Methods. I used rejection of non-substantial and substantial hypotheses as decisive evidence for substantial and trivial effects respectively, assuming sampling variation was the only source of uncertainty. I chose smallest important magnitudes and alphas (p-value thresholds) for the hypothesis tests that are appropriate for effects on athletes. I also used magnitude-based decisions (MBD), in which hypothesis-test p values are interpreted as Bayesian probabilities of magnitudes (e.g., likely substantial). I assessed all significant (p<0.05) and non-significant effects that had sufficient data to calculate p values.

Results. Significance was presented as substantial and non-significance as trivial in at least 90% and 74% of presentations respectively. Of 31 assessable significant effects, only 16 (52%) were decisively substantial (rejection of a non-substantial hypothesis, pN+<0.05 or pN<0.05), while three (10%) were actually decisively trivial (rejection of both substantial hypotheses, p+<0.05 and p<0.05). Of 20 assessable non-significant effects, none (0%) was decisively trivial. MBD provided usefully nuanced probabilistic assessments of magnitude, especially for those clinically relevant effects where the hypothesis of harm but not of benefit was rejected (pH<0.005, pB>0.25; most unlikely harmful, possibly beneficial).

Discussion. There was an unacceptably high prevalence of misleading assessments of magnitude based on statistical significance and non-significance at this conference. Researchers should account for sampling variation by replacing the nil-hypothesis test with tests of substantial and non-substantial magnitudes, including magnitude-based decisions.

Keywords: Bayes, confidence, decisions, frequentist, inference, magnitude, p value, probability, sample.

Reprint pdf · Reprint docx · Slideshow: PowerPoint · Video

Rationale

In my report on presentations relevant to athletes at the annual conference of the European College of Sport Science (ECSS) last year, I noted that "almost everyone has scuttled back to nil-hypothesis significance testing (NHST) and its misinterpretations, following the attacks on magnitude-based inference (MBI)" (Hopkins, 2020b). In this article I have quantified the misinterpretations by using better ways than statistical significance and non-significance to deal with the uncertainty arising from sampling variation.

How should we interpret statistical significance and non-significance? Sander Greenland (personal communication) has offered the following… "One correct interpretation of statistical significance is that the data are not very compatible with the statistical model used to derive the test, according to some conventional criterion (usually that the P-value from the test is below 0.05). The corresponding interpretation for non-significance is that the data are fairly compatible with that model according to the criterion (Rafi & Greenland, 2020). A significant test suggests something is wrong with one of the assumptions built into the model; usually that is taken to mean that the assumption of no effect is wrong, but some other problem might be responsible for the discord between the data and the model. In contrast, a non-significant test merely means that no problem was detected–but not that there is no problem, and in particular not that there is no effect. And there is no correct plain-language interpretation–that's been the problem since the 19th century."

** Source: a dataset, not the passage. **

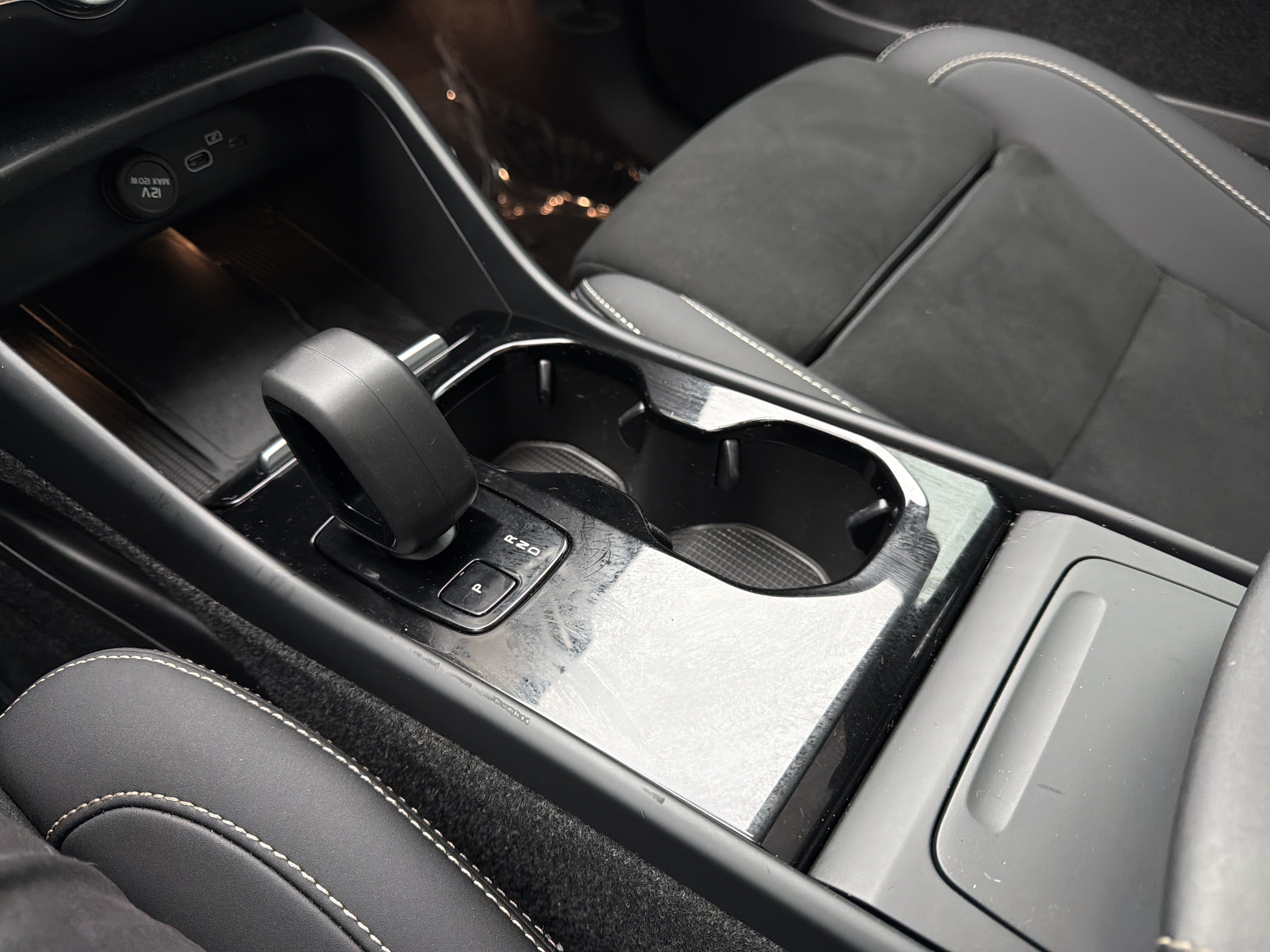 Certified 2023 Volvo C40 P8 Recharge Plus w/ Climate Package AWD/4WD image 26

These correct interpretations do not seem to me to be particularly useful, in that they do not directly address the issue of the magnitude of the effect in a clinical, practical or theoretical sense. This is surely the issue we should address when we investigate effects in samples. Most researchers would probably agree, because they appear to interpret significant as important or substantial and non-significant as unimportant or trivial (or even as no effect whatsoever). I am not aware of any research aimed at quantifying these interpretations in any scientific discipline, so the first aim of the present study was to determine the proportions of significant and non-significant effects that researchers presented at the ECSS conference as substantial and trivial.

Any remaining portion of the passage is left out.